### Your goal
Please give an exact transcription of the records shown below.

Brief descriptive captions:
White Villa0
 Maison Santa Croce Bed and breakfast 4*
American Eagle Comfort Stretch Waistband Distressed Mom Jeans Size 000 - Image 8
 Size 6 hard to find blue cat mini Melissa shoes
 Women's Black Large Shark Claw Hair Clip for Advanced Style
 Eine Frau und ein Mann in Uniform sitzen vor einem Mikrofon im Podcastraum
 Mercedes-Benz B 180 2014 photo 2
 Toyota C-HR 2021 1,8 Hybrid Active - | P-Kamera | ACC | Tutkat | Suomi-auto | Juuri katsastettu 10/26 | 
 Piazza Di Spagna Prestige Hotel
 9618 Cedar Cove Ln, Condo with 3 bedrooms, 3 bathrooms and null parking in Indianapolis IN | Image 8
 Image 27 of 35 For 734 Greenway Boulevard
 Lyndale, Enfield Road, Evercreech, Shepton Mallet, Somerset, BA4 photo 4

### Response for this exercise
White Villa0
 Maison Santa Croce Bed and breakfast 4*
American Eagle Comfort Stretch Waistband Distressed Mom Jeans Size 000 - Image 8
 Size 6 hard to find blue cat mini Melissa shoes
 Women's Black Large Shark Claw Hair Clip for Advanced Style
 Eine Frau und ein Mann in Uniform sitzen vor einem Mikrofon im Podcastraum
 Mercedes-Benz B 180 2014 photo 2
 Toyota C-HR 2021 1,8 Hybrid Active - | P-Kamera | ACC | Tutkat | Suomi-auto | Juuri katsastettu 10/26 | 
 Piazza Di Spagna Prestige Hotel
 9618 Cedar Cove Ln, Condo with 3 bedrooms, 3 bathrooms and null parking in Indianapolis IN | Image 8
 Image 27 of 35 For 734 Greenway Boulevard
 Lyndale, Enfield Road, Evercreech, Shepton Mallet, Somerset, BA4 photo 4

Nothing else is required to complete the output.